В.Кожинов. Происхождение романа.
Литература Барокко и роман.

2.Литература Барокко и роман.

Эпоха Возрождения была эпохой острой и решительной борьбы против феодальной формы общества — против феодальных экономических отношений, политики, права, морали, идеологии. Против старого мира впервые восстали производительные силы, — этот марксистский термин нисколько не упрощает и не сужает проблему, ибо производительные силы — вовсе не идеальная абстракция техники, но прежде всего сами конкретные люди, осуществляющие материальное и духовное производство, люди, которых теперь сковывали и теснили рамки феодального порядка. У нас подчас проявляется глубоко неверное понимание истории феодализма: она излагается так, будто с самого начала, в конце первого тысячелетия нашей эры, земледельцы были с помощью грубого насилия превращены в крепостных и с тех пор только то и делали, что стремились освободиться. Энгельс в «Анти-Дюринге» показывает всю несостоятельность подобной концепции, характерной и для «теории насилия» Дюринга. При становлении феодализма земледельческие семьи, образовавшиеся ранее в результате распада первобытно-родового строя, добровольно — хотя и в силу экономической необходимости — переходили в состояние феодальной зависимости. Низкий уровень развития производства и беззащитность разрозненных хозяйств перед лицом врага вызывали эту необходимость создания объединения с сеньорами во главе. Поэтому лишь в эпоху, когда достаточно развилось производство и возникли предпосылки национального объединения в государстве, смогло совершиться действительное восстание производительных сил против феодальной организации общества, которое началось в Италии в XIV, а в других западноевропейских странах в XV — XVI веках.
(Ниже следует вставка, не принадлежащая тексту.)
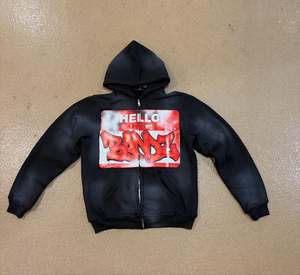 OEM/ODM Custom <b>Men's</b> Unisex Acid Wash Winter 100% Cotton 500gsm Fleece Oversized Plus Size <b>Pullover</b> Hoodie Streetwear Print Logo - Product Image 2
Это всеобщее восстание выразилось и в крестьянских войнах и бунтах ремесленников, и в великих путешествиях, разрывавших традиционную замкнутость, и в гуманистических драмах и памфлетах, и в новой науке, и в небывалом личном поведении людей. Но, имея вполне определенного врага, борьба эта еще не могла выработать сколько-нибудь определенные позитивные цели в области экономики, политики, права. Речь идет об освобождении человека и народа, но крайне смутно и различно представляется, каковы будут формы свободной жизни. Более того, нет еще даже тех сил, которые могли бы возглавить новое общество; они придут лишь в эпоху буржуазной революции. Поэтому эпоха Возрождения, сыграв гигантскую освободительную роль, сама по себе не создает нового общественного строя: она заканчивается либо хаотическим и неустойчивым состоянием, опустошительными войнами (Религиозные во Франции, Тридцатилетняя в Германии), либо торжеством феодальной реакции (инквизиция в Испании и Италии, реакционная монархия Стюартов в Англии, за которой следует уже вполне определившаяся буржуазная революция).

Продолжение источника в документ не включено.